Il est une occurrence de métaplasme dans notre corpus où l'altération du mot, par adjonction d'un morphème, n'est nullement accidentelle, et nous semble pourvue d'enjeux rhétoriques remarquables. Parlant du personnage de Paroles, et de ses accès de verbiage, Jean-Pierre Vincent propose le terme de « parolite », qui synthétise fort heureusement l'analyse qu'il propose du personnage, selon laquelle « Paroles a un problème psychologique : il ne peut rien faire, il n'a que les mots. Et il y a une douleur dans cette pathologie » ; dans une autre séquence le metteur en scène dira que le personnage « surparle tout ». Dans ces deux cas de figure (précisément) l'opération est la même : l'adjonction d'un suffixe ou d'un préfixe permet d'obtenir un néologisme éloquent - on remarquera l'économie réalisée par de telles expressions, qui cristallisent en un seul mot ce qui réclame des syntagmes relativement développés pour pouvoir être explicité sans écart rhétorique. Mais le caractère économique de telles figures n'épuise pas, à notre sens, leur valeur rhétorique : il n'est pas indifférent que pour qualifier le type de « pathologie » qui travaille Paroles, personnage au statut particulier dans la diégèse, puisque, comme le bouffon, « il n'a pas d'histoire » et n'est pas identifiable en termes de vraisemblance psychologique, il faille inventer des mots. Un tel personnage échappe à la logique mimétique : si l'on peut lui supposer une psychologie, ce ne peut-être qu'une psychopathologie, et encore cette psychopathologie ne connaît-elle pas de modèle dans la réalité référentielle, et donc, pas de mot dans le code de la langue. Le néologisme permet donc à la fois de signaler le statut spécifique du personnage - hors du monde (vraisemblable), il sera qualifié par des termes hors-du-code - tout en offrant un outil langagier capable de l'introduire dans un discours : Paroles échappe à la langue, mais par la figure, on peut le rapatrier dans un énoncé, sans le réduire aux termes d'un code qui ne l'a pas prévu.
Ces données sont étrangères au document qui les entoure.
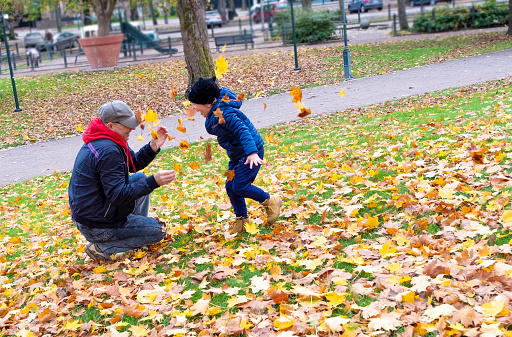 Aikuinen ja lapsi puistossa. Maassa paljon puista pudonneita vaahteranlehtiä.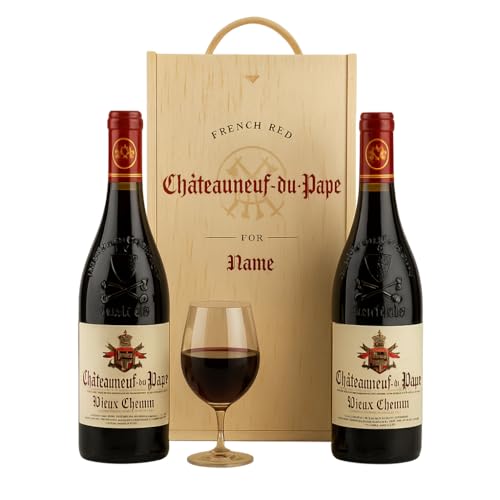 Personalised Chateauneuf Du Pape Red Wine Gift Set - 15% ABV (2 x 75cl) - Wine Gifts, Wine Gifts for Women, Offers, Wine Red, Wine Gifts for Men, Red wine offers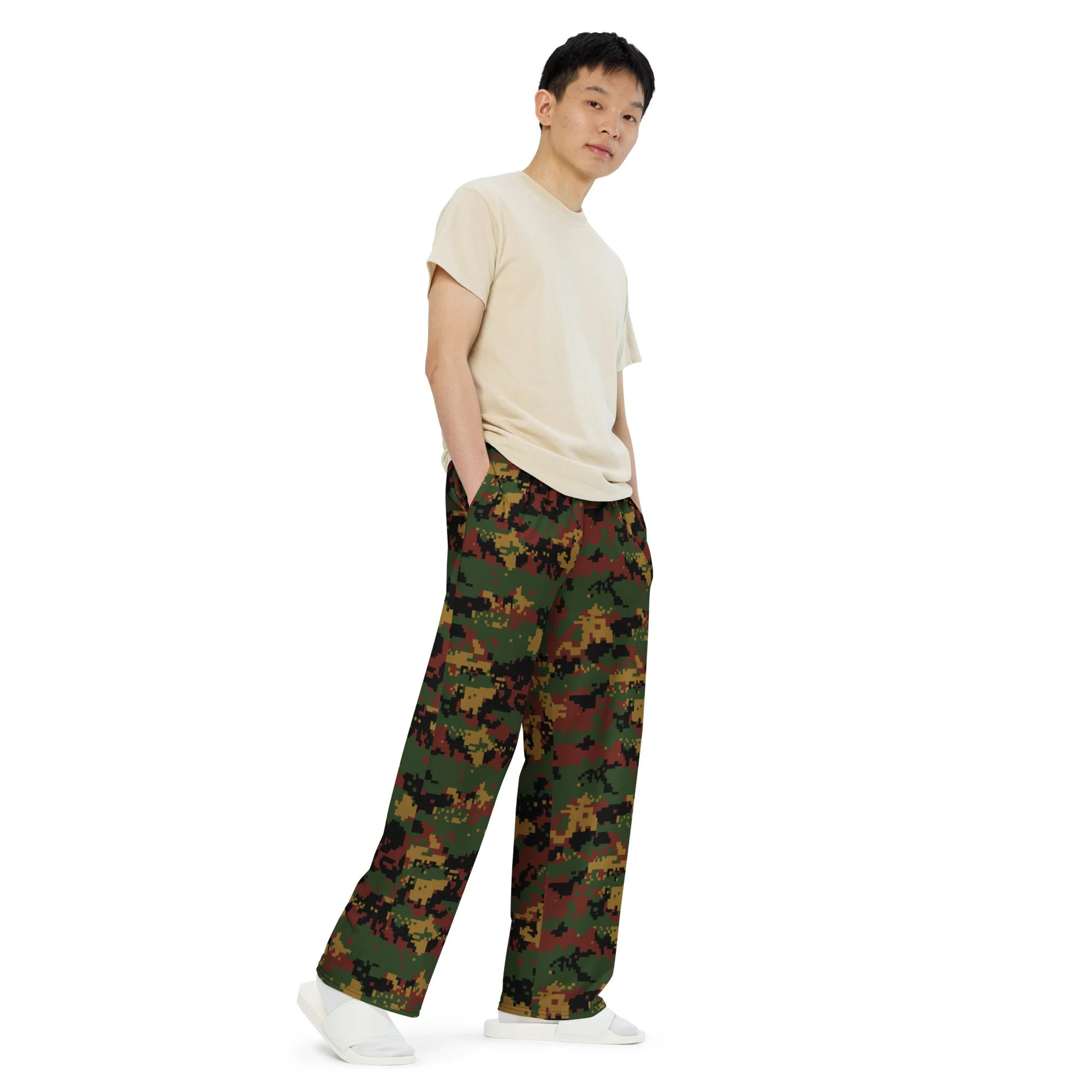 Myanmar Digital Tatmadaw CAMO Unisex Wide-Leg Leisure Pants - Image 6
Il faudrait encore s'attarder sur cette chaîne poétique, qui du nom Paroles dérive « Parolite » et « surparler » : en amont des opérations d'affixation, la procédure à l'œuvre repose sur une annomination 569 , qui dans le nom propre « Paroles » entend et remotive le nom commun - « paroles » (il s'appelle Parolles, en Anglais), et le signifié qui lui est rattaché. La démarche n'a évidemment pas le même sens que lorsqu'elle concerne de « vrais » nom propres (« Racine est la racine du goût français » 570 ) : si la dérivation concernant les noms réels déjoue l'arbitraire du signe linguistique, postulant une relation nécessaire entre signifiant et signifié, dans le cas de l'onomastique poétique, l'arbitraire des noms propres est déjà en lui-même déjoué par le dramaturge qui l'a élaborée. En proposant différents modes d'anthroponymie dans la pièce, qui font se côtoyer vrais prénoms (Hélène et Bertrand) et noms propres manifestement construits sur la base de noms communs (Paroles, Lavache [ = le bouffon], Lefeu) 571 , Shakespeare programme le jeu figural auquel se livre Jean-Pierre Vincent, qui du coup ne « déjoue » aucun arbitraire, mais ne fait que jouer le jeu proposé par l'auteur. La relation logique de l'essence (que le nom propre désigne) à la manifestation (que le nom commun décrit), habituellement postulée par les figures de la dérivation, est ici renforcée par l'intention supposée de l'auteur ; la chaîne « Paroles » - (« paroles ») -  « parolite» - « surparler » établit ainsi une forme de logique du personnage, où l'harmonie des signifiants garantit celle des signifiés. Logique poétique, certes, mais qui n'en est pas moins salutaire pour éclairer et structurer un personnage que des investigations d'ordre purement psychologique ne parvenaient nullement à atteindre.

Notes
567.

Rhétorique générale, p.50.

568.

Termes en usage in Groupe Rhétorique générale, p. 56.

569.

Figure portant sur le nom propre, qui consiste, selon Mazaleyrat et Molinié, à "jouer sur la forme de son signifiant soit pour le mettre en relation avec un homonyme-nom commun, soit pour en tirer une dérivation". Cf. Vocabulaire de la stylistique, Paris, P.U.F., 1989.

570.

Exemple proposé par Mazaleyrat et Molinié dans le Vocabulaire de la stylistique.

571.

La version anglaise d'origine joue sur une transformation de noms communs français : Parolles, Lavatch et Lafew, suggérant l'atmosphère française dans laquelle est censée se dérouler la pièce.